Having been formally advised in September 1936 that, should he break Party discipline and stand for the vacant post, he would be suspended for a short definite period, he promptly appealed against it. Having met with leading Communist J R Campbell (see separate entry) in December over the case, who probably sought assurances for the future, Stokes did nothing, prompting the Party to write seeking an “understanding". This had not been given by the time the election took place in January 1937.
Stokes won the election on the first ballot, getting a majority over all of the other nine candidates. Once he had been confirmed in his election as Divisional Organiser by the union, in March 1937, Stokes finally replied to the Communist Party over his act of disloyalty. Although Stokes was only suspended from membership for a short period as a result of ignoring Party discipline, he took this rap on the knuckles to make it a resigning issue and left the Communist Party for good. But he remained friendly towards it and its members for some time. He even had extensive talks in February 1940 with Harry Pollitt on the latter’s suggestion that Stokes consider standing for the AEU EC, with the Party’s full support.

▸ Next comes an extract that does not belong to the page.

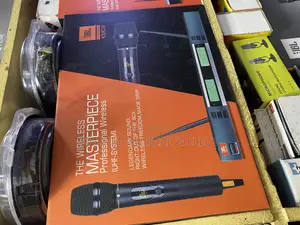 JBL Kmc8 Professional Wireless Microphone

Then, when the Daily Worker was banned in January 1941 and, for a time, even the Party looked like being banned, Stokes suddenly put distance between himself and all Communists. His political shift, from then onwards, became steadily ever more right-wing. By November 1941, he was discussing with the AEU President what he saw as a dangerous tendency for the influence of the Communist Party to be massively rising in the "unofficial shop stewards movement". It was a complete 180 degree turn for Stokes to have arrived at this juncture.

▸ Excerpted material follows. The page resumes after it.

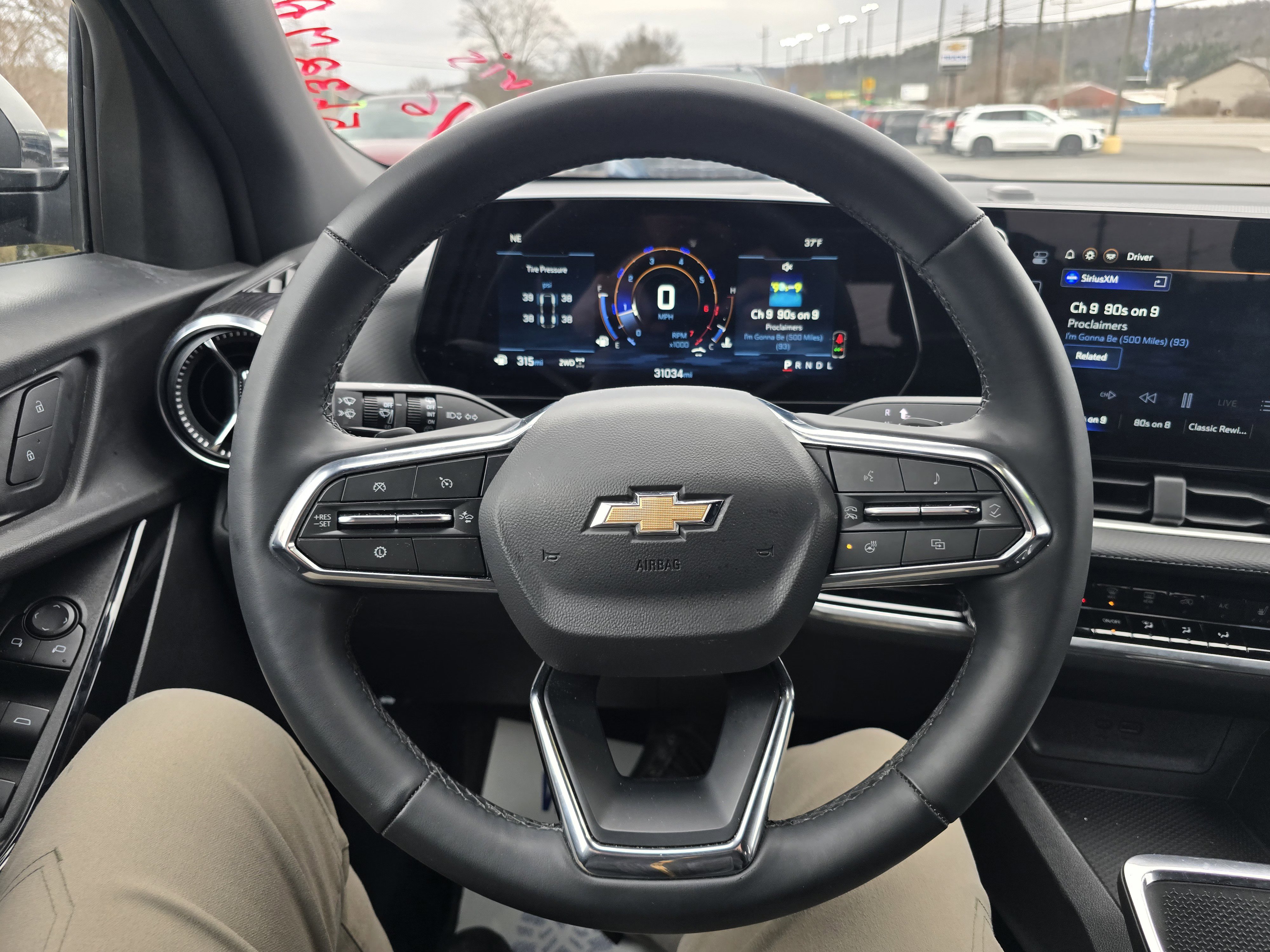 Used 2025 Chevrolet Equinox LT image 20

A probable coherent explanation for the breach with the Party was that the AEU had nominated Stokes during 1940 as a member of the wartime Midland Regional Board, established by the Ministry of Supply. It was the start of a long process of absorption and incorporation into the British State for Billy Stokes and very many of trades unionists. His anti-communism now assumed huge proportion, especially after his involvement in an AEU delegation to the USA in 1949, to the United Auto Workers, during the course of which he made speeches arguing for the role of NATO as a peacemaker!
In 1950, he was appointed a Justice of the Peace in Coventry and then became, successively, Vice Chairman and Chairman of the Ministry of Supply Board. Although he had soon left this role, when he was appointed to the government’s Iron and Steel Corporation on which he sat for the next three years, having left the service of his union as a result. Although this now rendered him technically unemployed, Stokes was able to widely travel in the United States and Canada with his wife and on returning it was as if he had never been a militant trades unionist.

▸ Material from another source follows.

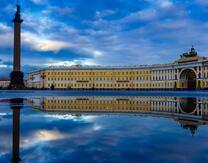 Отражение Зимнего двонца в воде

By the time of the Cold War, he was known as a vociferous opponent of Communists and, in 1954, he was appointed Personnel Manager of Armstrong Siddeley, a post from which he retired in 1959. From 1959 to 1964 he served as a part-time member of the East Midlands Electricity Board. From the early 1960s he was increasingly engaged in lecturing to pre-retirement courses and to retired people's organisations. He became a JP in 1950 and was Chairman of the Coventry bench in 1966. He died in 1977, having been made a CBE (Commander of the British Empire).
Source: Daily Worker 31st October 1932; “Communist Politics and Shop Stewards in Engineering 1935-46”, Richard Croucher, University of Warwick thesis – April 1977; W H Stokes papers, Warwick University Modern Records Department. Daily Worker miscellaneous references too numerous to mention.